§ WHAT YOU WILL DO: Please reproduce the listing verbatim, without its images.

§ RECORDED DATA:
______________________________
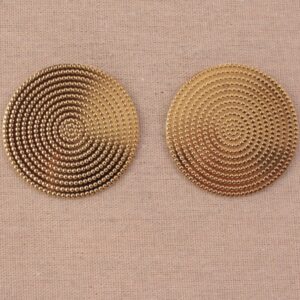 Pendiente disco en acero dorado hipoalergénico, resistente al agua y perfumes, ligero y versátil.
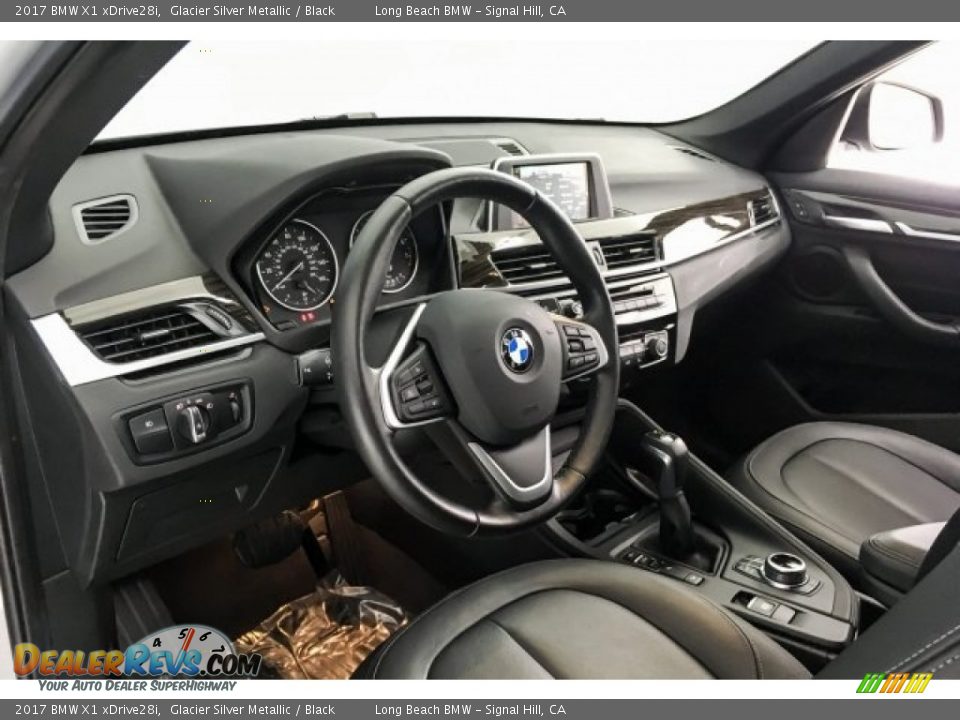 2017 BMW X1 xDrive28i Glacier Silver Metallic / Black Photo #20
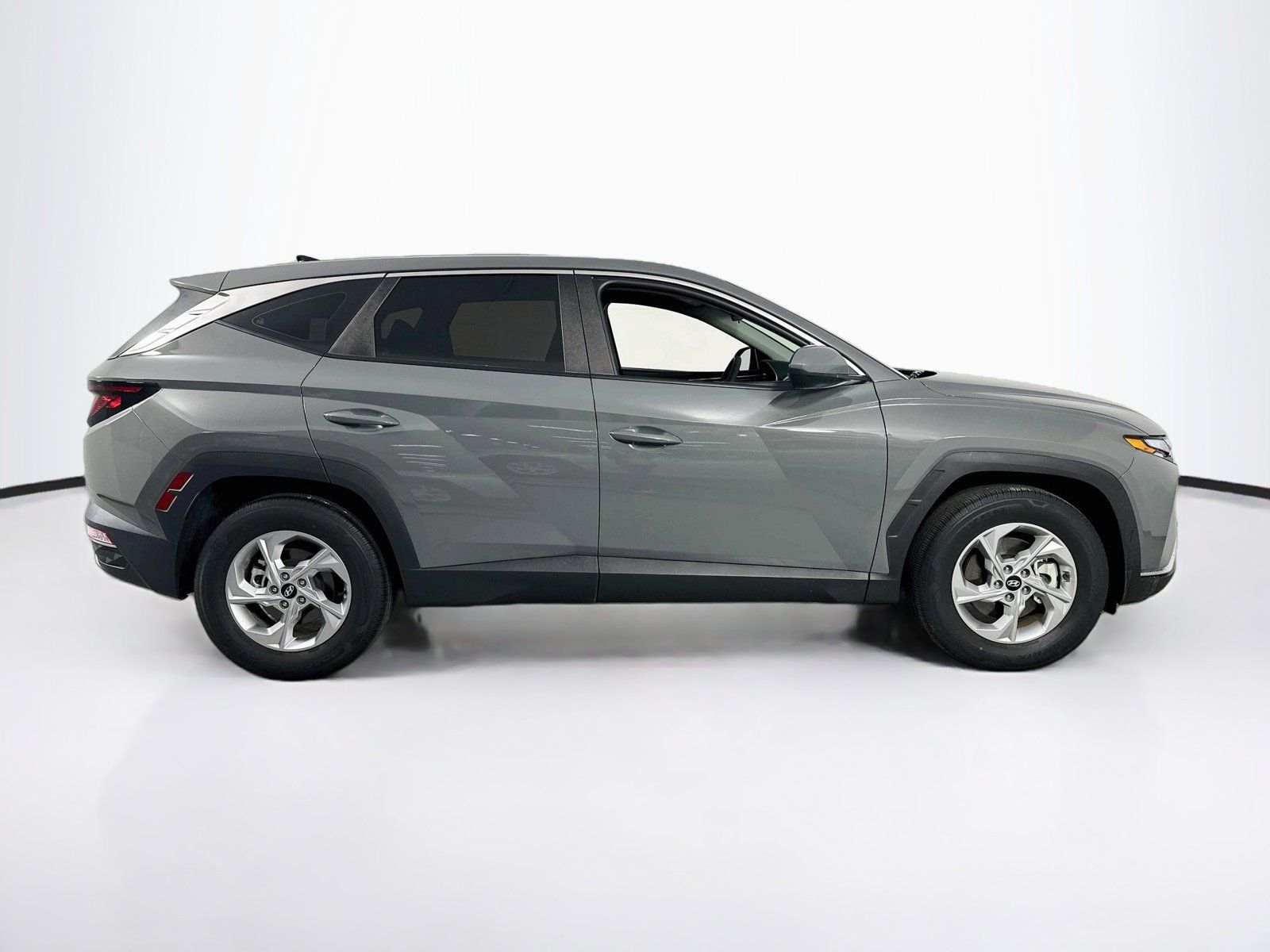 Used 2024 Hyundai Tucson SE FWD image 4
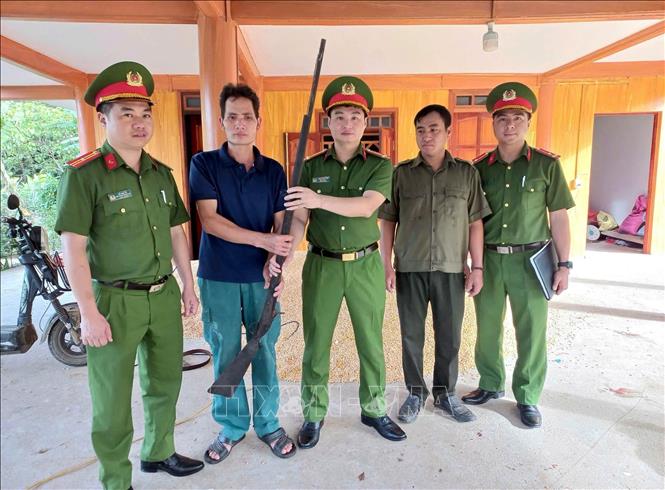 Người dân tích cực giao nộp tới Công an xã Vị Xuyên. Ảnh: TTXVN phát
______________________________
§ SOLUTION TO THIS EXERCISE:
 Pendiente disco en acero dorado hipoalergénico, resistente al agua y perfumes, ligero y versátil.
 2017 BMW X1 xDrive28i Glacier Silver Metallic / Black Photo #20
 Used 2024 Hyundai Tucson SE FWD image 4
 Người dân tích cực giao nộp tới Công an xã Vị Xuyên. Ảnh: TTXVN phát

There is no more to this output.